Monitoring tool wear is a more complex task than expected, because it induces a very small process change with a large dynamic range. In the context of monitoring tool wear, many methods have been proposed. These methods are based on the analysis of various physical quantities that can be detected by direct control of the tool or by estimating its state by measuring another significant magnitude. Among these physical quantities the vibration signals [1, 2], acoustic emission [3-5], and the cutting forces [6, 7] have proven their efficiency and monitoring performance of tool wear. Similar work conducted by Rmili et al. [8] concentrates on treating the vibratory signature generated by machining. The adopted strategy is based on a temporal analysis using statistical parameters. Then, in the frequency domain using the periodogram method and smoothed averages. Coming fill the limits of the spectral analysis, wavelet analysis has been proposed as a time-frequency advanced method. The wavelet analysis enables a local visualization of the signal instead of the spectral analysis that allows only a global vision. Several applications of the wavelet analysis have been proposed in its continuous and discrete version [9-10]. The classification and prediction of the tool state with input data from one or more sensors and architectures of neural networks have been studied in [11, 12]. In 1998 a new time-frequency method called Empirical Mode Decomposition (EMD) has been proposed by Huang [13]. The EMD is a self-adaptive decomposition of the signal contrary to the wavelet analysis that needs the use of an appropriate wavelet mother. In this context the objective of this work is to propose a new method for the cutting tool state supervision based on the vibratory signal's analysis using the EMD.

The aim of this paper is to propose the EMD as an effective tool allowing improving the sensitivity of the scalar indicators (Energy and Mean power) for tool wear detection. Indeed, these indicators are very sensitive to the variations in temporal signal. Nevertheless, their reliability is immediately limited by the presence of high level of random noise. Empirical Mode Decomposition is proposed as a solution to this problem.

2. Lifespan of tool wear

The life of cutting tool represents the actual productive time during which the cutting edge is directly related to the wear. The wear manifests on the cutting tool in several forms dependent cutting conditions, the material being machined, the material of the cutting tool and its geometry. In normal conditions, flank wear (VB) is considered to assess the predominant wear to evaluate the lifespan of the cutting tool [14]. The development of this type of wear on the cutting tool is not a random phenomenon. The appearance (Fig. 1) drawn below is divided into three zones: break-in (A), wear stabilization (B) and accelerated wear (C). The objective of any monitoring and prediction system is the early detection of the transition point form the stabilization zone to the wear accelerated zone.

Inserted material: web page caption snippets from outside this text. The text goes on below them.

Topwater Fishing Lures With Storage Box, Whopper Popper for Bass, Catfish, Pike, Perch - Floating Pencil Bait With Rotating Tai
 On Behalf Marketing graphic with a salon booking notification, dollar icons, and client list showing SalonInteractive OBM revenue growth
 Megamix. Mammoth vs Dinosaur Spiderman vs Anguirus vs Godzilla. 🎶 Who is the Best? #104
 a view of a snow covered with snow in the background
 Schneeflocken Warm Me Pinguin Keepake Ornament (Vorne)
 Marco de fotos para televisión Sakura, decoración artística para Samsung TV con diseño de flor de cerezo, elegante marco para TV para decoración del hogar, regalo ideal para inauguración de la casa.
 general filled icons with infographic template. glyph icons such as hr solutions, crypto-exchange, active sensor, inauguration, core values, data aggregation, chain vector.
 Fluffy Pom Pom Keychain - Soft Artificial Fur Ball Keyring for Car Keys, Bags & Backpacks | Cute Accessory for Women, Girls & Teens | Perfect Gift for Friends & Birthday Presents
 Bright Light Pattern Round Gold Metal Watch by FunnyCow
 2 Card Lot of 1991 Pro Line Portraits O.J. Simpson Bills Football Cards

3. Empirical Mode Decomposition

The EMD is defined by a process called screening (sifting) to decompose the signal in core contributions called empirical modes or IMF (Intrinsic mode functions). Decomposition is local, iterative, sequential and entirely data-driven. The primary objective of the EMD is to extract a non-stationary signal from systems that can be non-linear patterns that lend themselves to a time-frequency analysis; where Fourier analysis and wavelets are sometimes ineffective. It indeed makes the time-frequency representation more readable and clean physical interpretation. The principle of the EMD decomposition is provided by the screening process set by the algorithm described in the following. The Fig. 2 shows the principle of EMD (decomposition of signals in different modes: IMFs).

The IMFs is an innovation proposed by Huang [13] in the empirical mode decomposition, which is definedas a function which satisfies the following steps:

- In the whole data set, the number of extrema and the number of zero-crossings must either equal or differ at most by one;

- At any point, the mean value of the envelope defined by local maxima and the envelope defined by the local minima is zero.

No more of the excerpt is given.